*PROBLEM TO WORK ON*. Line by line, transcribe the data below exactly and pass over the images.

*DATA FOR THIS TASK*.
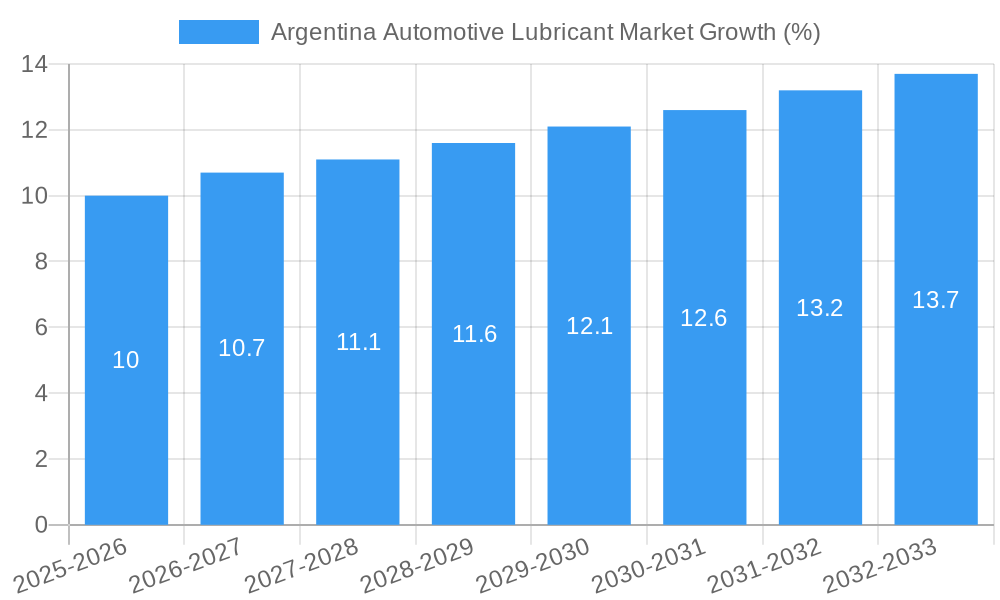 Argentina Automotive Lubricant Market Growth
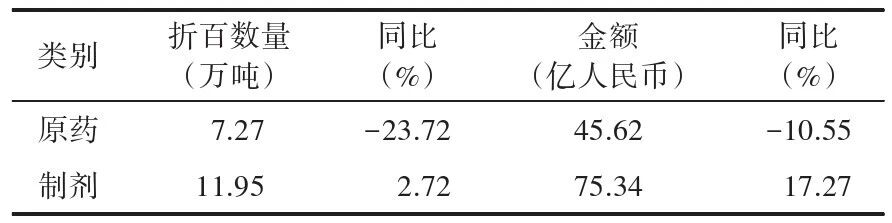 2026年6月我国农药进出口情况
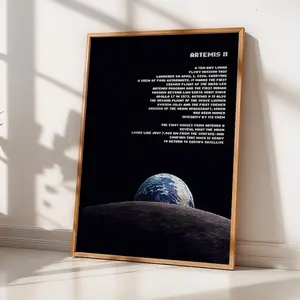 Artemis II Poster  NASA Moon Mission Pixel Art Print  Earthrise Space Wall Art  Artemis 2 Lunar Mission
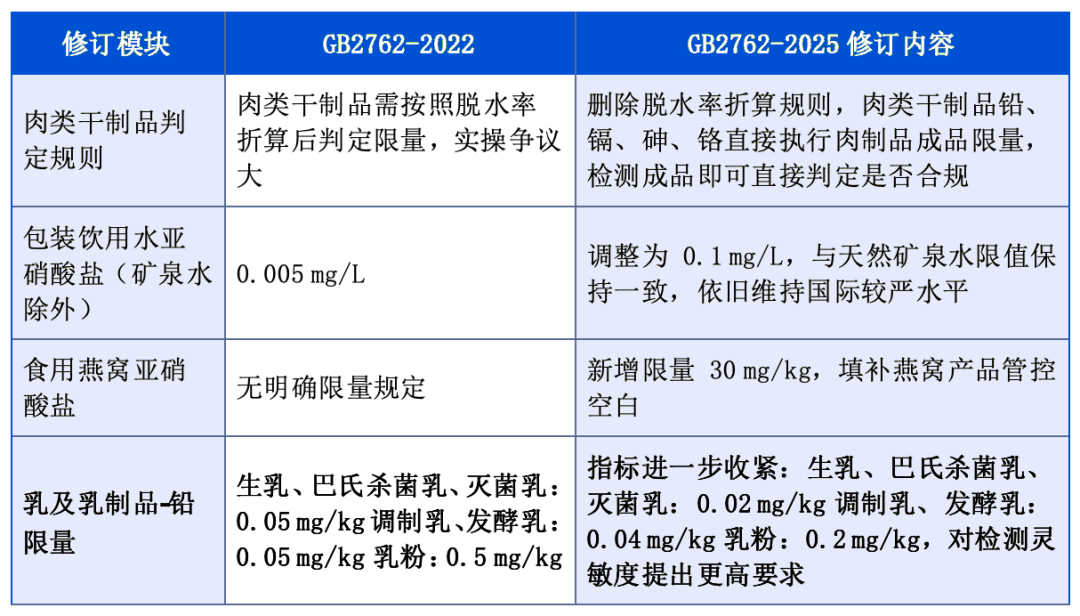 iQuad 2300 ICP‑MS，赋能食品污染物高效检测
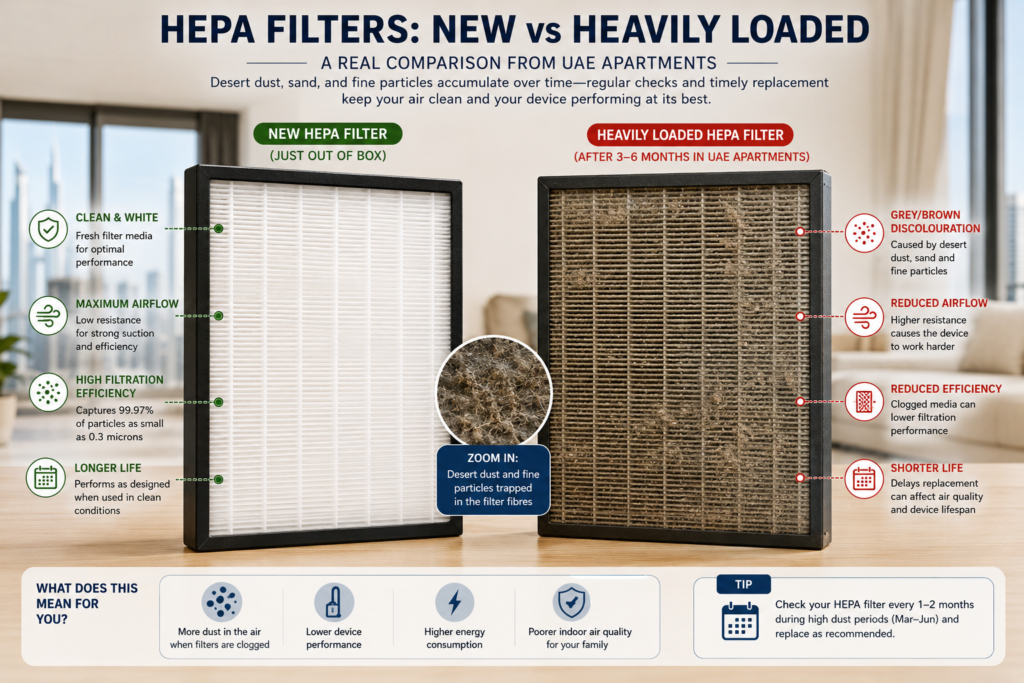 Comparison of a new white HEPA filter versus a heavily loaded grey-brown HEPA filter from a UAE apartment environment, showing discolouration from desert dust accumulation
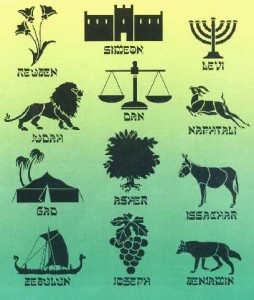 12-tribes-or-sons-of-jacob1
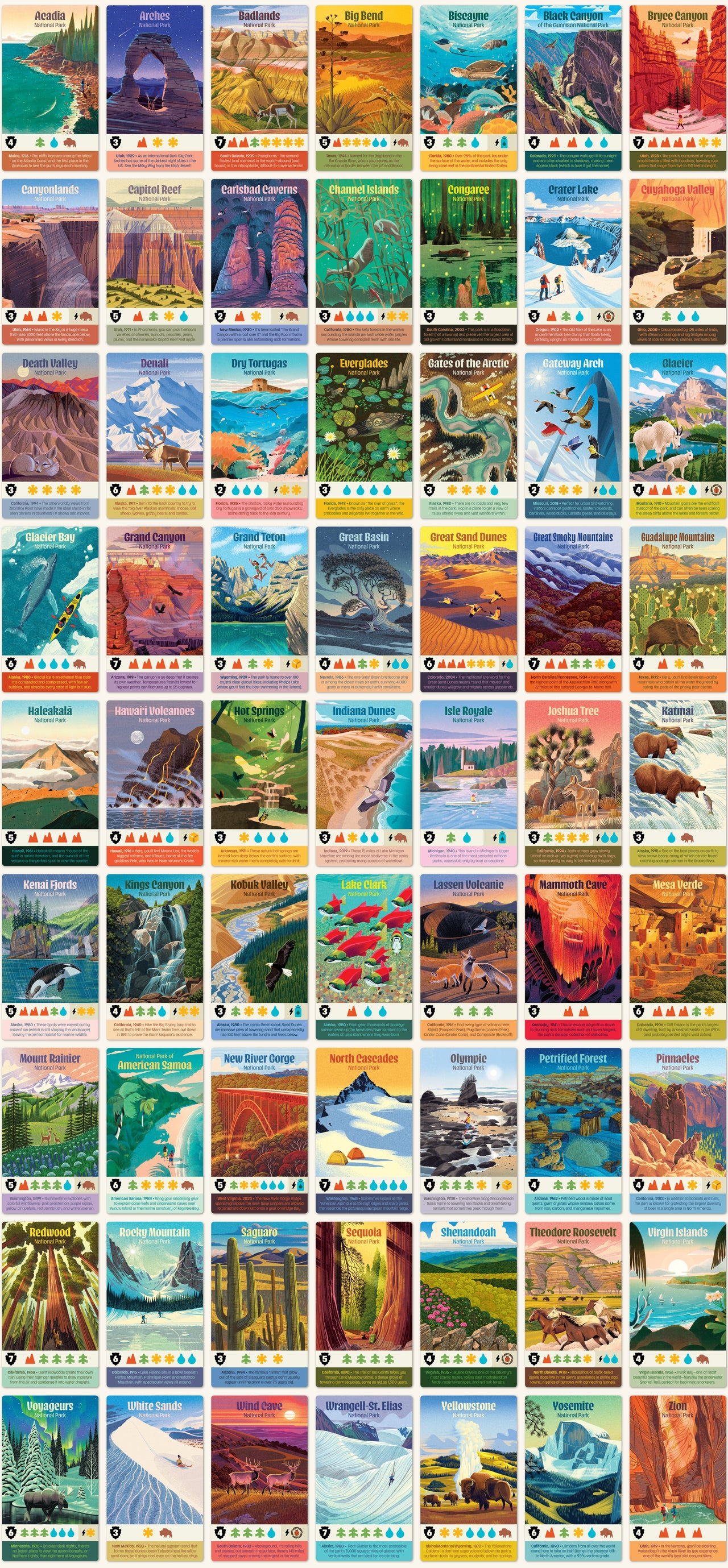 Parks (2nd Edition) – all 63 National Park cards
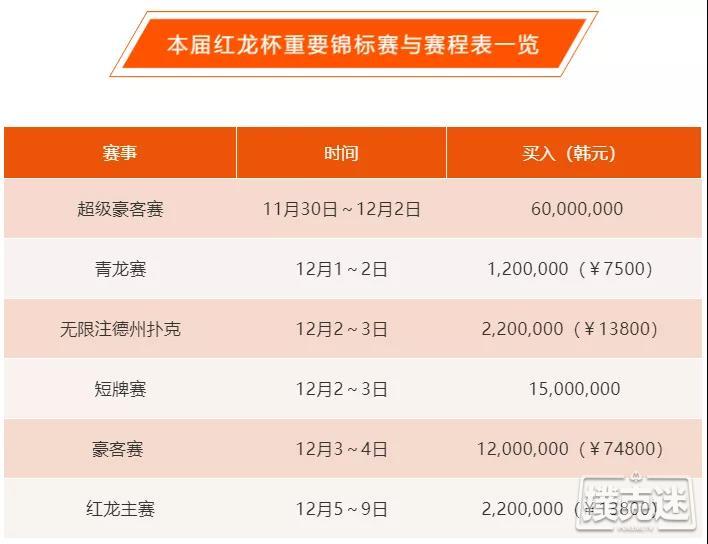 8万邀请赛再次来袭，本周赛事一览（附官方下载安装教程）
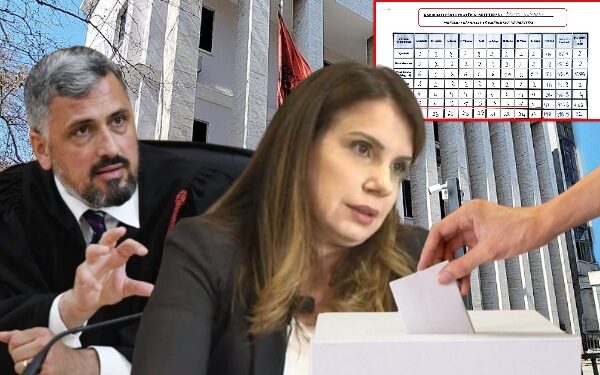 Votimi i dyshimtë për Kushtetuesen/ Naureda Llagami kërkon dosjen në Gjykatën e Lartë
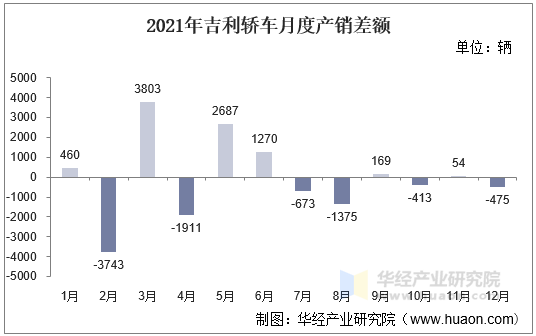 2021年吉利轿车月度产销差额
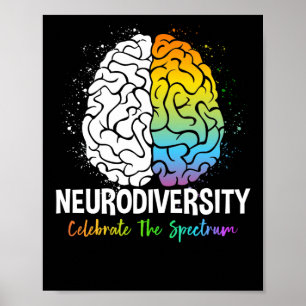 Poster Neurodiversidade - Espectro Autismo ASD ADHD Rainb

*RESULT FOR THIS TASK*.
 Argentina Automotive Lubricant Market Growth
 2026年6月我国农药进出口情况
 Artemis II Poster  NASA Moon Mission Pixel Art Print  Earthrise Space Wall Art  Artemis 2 Lunar Mission
 iQuad 2300 ICP‑MS，赋能食品污染物高效检测
 Comparison of a new white HEPA filter versus a heavily loaded grey-brown HEPA filter from a UAE apartment environment, showing discolouration from desert dust accumulation
 12-tribes-or-sons-of-jacob1
 Parks (2nd Edition) – all 63 National Park cards
 8万邀请赛再次来袭，本周赛事一览（附官方下载安装教程）
 Votimi i dyshimtë për Kushtetuesen/ Naureda Llagami kërkon dosjen në Gjykatën e Lartë
 2021年吉利轿车月度产销差额
 Poster Neurodiversidade - Espectro Autismo ASD ADHD Rainb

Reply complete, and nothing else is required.